Wait a minute, WHAT?!

No, I’m not giving up homeschooling.

But I AM switching to a different kind of schedule.

For years I avoided the way “expert” homeschoolers scheduled their school year, with six weeks on and one week off.

I was afraid that kind of rhythm would make the school year last forever and that I wouldn’t have a significant enough summer break to recharge.

Who wants to do school all the time?? And school all the time is exactly what that approach sounded like. I opted for the “traditional” school schedule instead.

Practically speaking, what that meant was that we plowed through our weeks and plowed through our months and plowed through our years, desperately trying to get to that elusive “perfect” summer.

(And also, it meant desperately trying to squeeze in as much school as possible before that very interrupting excursion known as the missionary furlough.)

But what I’ve discovered (took me long enough, huh?) was that going without adequate breaks is just not good for us, even if those breaks, when they come, are adequately long.

One simply cannot push hard for 12 weeks straight (or more) without a break and not lose some small part of their mind.

I had avoided the six-weeks-on-one-week-off approach out of fear that I would feel like we were “doing school” all the time, yet ironically, what I felt in going the traditional route was that we were doing school all the time.

So even though I’d heard about the 6-on-1-off approach before my oldest was even in preschool, I rejected it out of hand.

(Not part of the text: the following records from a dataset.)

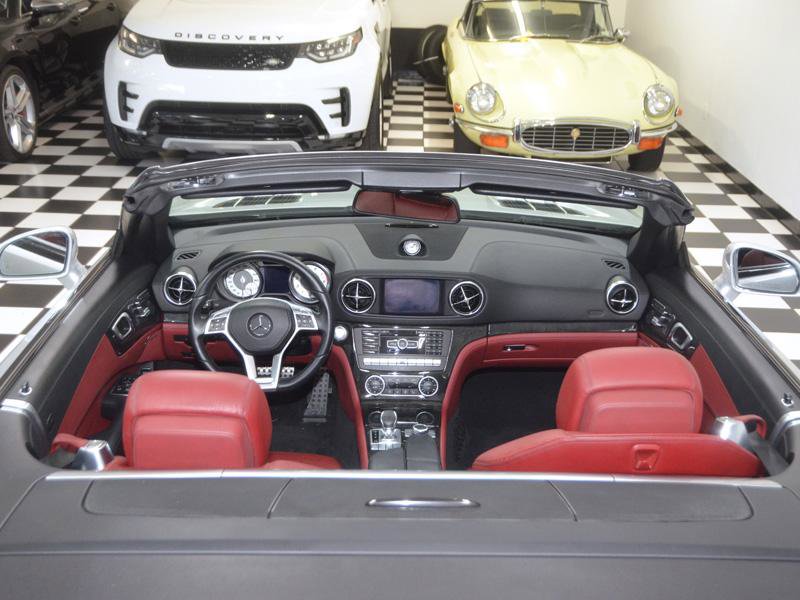 Used 2016 Mercedes-Benz SL 550 550 w/ Driver Assistance Package image 26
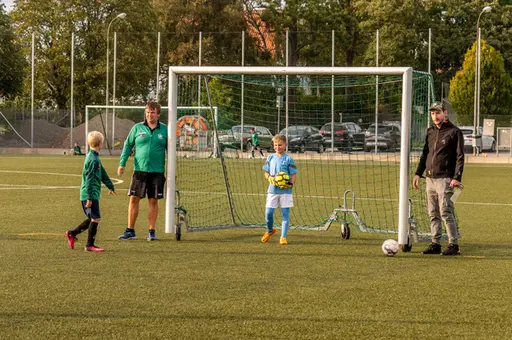 Tack Bengt (Zebbes morfar) för de fina bilderna!
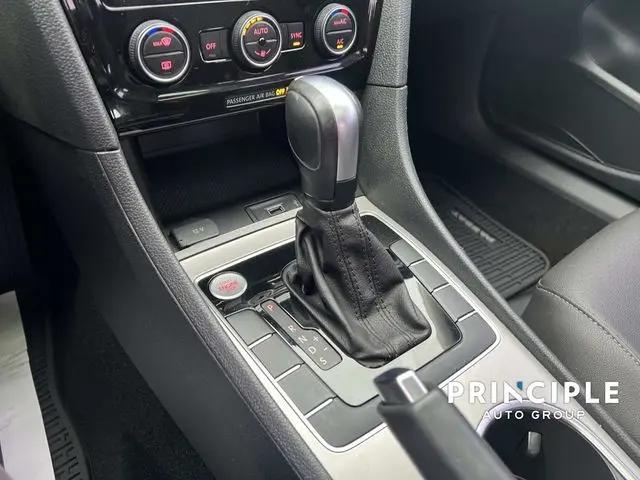 2021 Volkswagen Passat 2.0T SE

And lived to suffer the consequences.

This year I hit a point when I realized enough was enough. I couldn’t take any more hustle. I couldn’t take any more hurry. I was done with the way we were doing things.

That’s part of the reason we’re extending our third term by half a year: to be able to get into a better rhythm and routine with school and ministry.

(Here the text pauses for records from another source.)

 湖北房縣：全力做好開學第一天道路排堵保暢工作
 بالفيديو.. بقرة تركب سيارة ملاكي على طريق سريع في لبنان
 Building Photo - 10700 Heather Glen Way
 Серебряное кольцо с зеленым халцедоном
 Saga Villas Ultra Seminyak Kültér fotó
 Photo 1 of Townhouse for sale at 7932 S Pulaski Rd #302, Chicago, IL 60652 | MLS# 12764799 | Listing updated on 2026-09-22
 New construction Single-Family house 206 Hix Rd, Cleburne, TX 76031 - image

(And also, because I was tired of feeling like my toes and fingers were freezing off in that blasted Missouri winter.)

Next school year, we’re doing things differently. We’ll take a pretty short summer break and start our next school year soon after finishing this school year.

But then we’ll take much more regular breaks throughout the school year, before heading back to the States for a few months – this time without school work.

(Why did it take me two entire home assignments to figure out that meaningful school work is just NOT going to get done while dragging a family of six across the United States?? What can I say, I’m a slow learner.)

The upside of all this? Many Cambodian and international holidays fall easily into a 6-week rotation (we have a lot of holidays here), meshing our schedule better with both father and friends.

Another upside? Getting to skip half of hot season next year.

I only wish I had listened to the experts earlier.

Some people call this approach Sabbath schooling, as it mimics the Biblical pattern of six days of work followed by one day of rest.

Others call it year-round schooling, since it stretches the school year out longer (though it doesn’t quite reach the level of studying the entire year).

Whatever you call it, I’m claiming it as my own.  I’m giving up my entrenched public school ways and adopting newer, more sustainable ways.

And if you, like me, are worn out and exhausted, maybe you need to, too.